Reading Time: 6 minutes

One of the first things you learn about when you look into building an audience is the existence of growth hacks. You’ll have a hard time finding a Twitter guide that doesn’t mention the concept as a quick and easy way to grow your following.

This is a problem.

It’s not an issue because they don’t work, because they usually do. It’s a problem because implementing growth hacks in your audience-building strategy leads to unforeseen and often disastrous consequences.

Let’s look at what growth hacks are, why they are dangerous, and what you can do about them.

Problems with Growth Hacks

“Growth hacks” is a term that means many things to many people. At its best, it means a way to quickly increase an audience’s size and connectedness. At its worst, it’s about getting as many people as possible to engage with your product, no matter the consequences.

What all growth hacks have in common is the focus on speed. Everyone wants to build an audience quickly. If it can’t be done in seven days, it’s a waste of time. We’re all busy building our businesses and refining our products, so growing our audience needs to happen as quickly as possible, best with little to no effort.

Experience this article as a podcast, a YouTube show, or as a newsletter:

This intense short-term focus presents a danger that most people looking for ways to grow their audience often overlook. Genuine connection with your prospective customers happens over an extensive period of time.
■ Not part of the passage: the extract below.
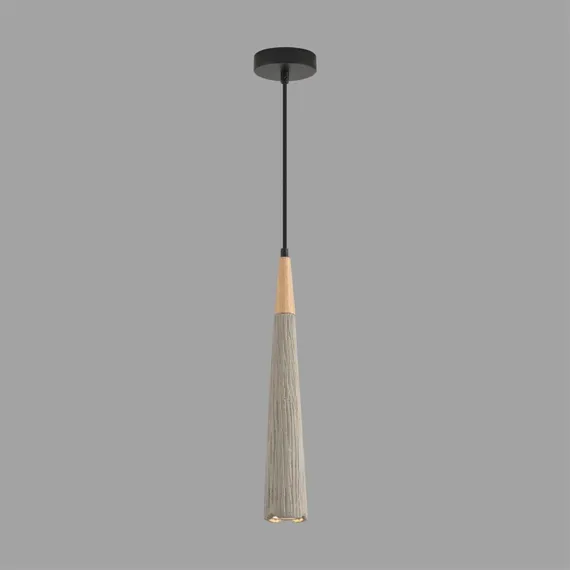 Подвесной светильник Eoliana 8351/1C Lumion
Any marketing graduate will tell you about the marketing rule of seven, where customers only buy after encountering your brand seven times. Why, then, do we want to “hack” this to happen much faster instead of focusing on establishing meaningful long-term relationships?

And since we’re talking about “hacks:” what separates a hack from a tactic is its focus on what’s in it for you, and you alone. Where many traditional growth marketing approaches focus —rightfully— on creating something valuable for your potential customers, growth hacks border on —or often are— manipulation. If you run a giveaway where every entrant has to follow you and retweet your tweet, anyone participating lowers their own chance of winning by sharing your message. Ultimately, the only true beneficiary is you, and every person who helped you (excluding the winner) gets nothing.

Hacks like this aren’t valuable: they’re selfish. And this kind of behavior resonates very negatively with any community. After a few attempts of “growth hacking” your way to an audience, you will find that the people you actually wanted to reach have turned their backs on you.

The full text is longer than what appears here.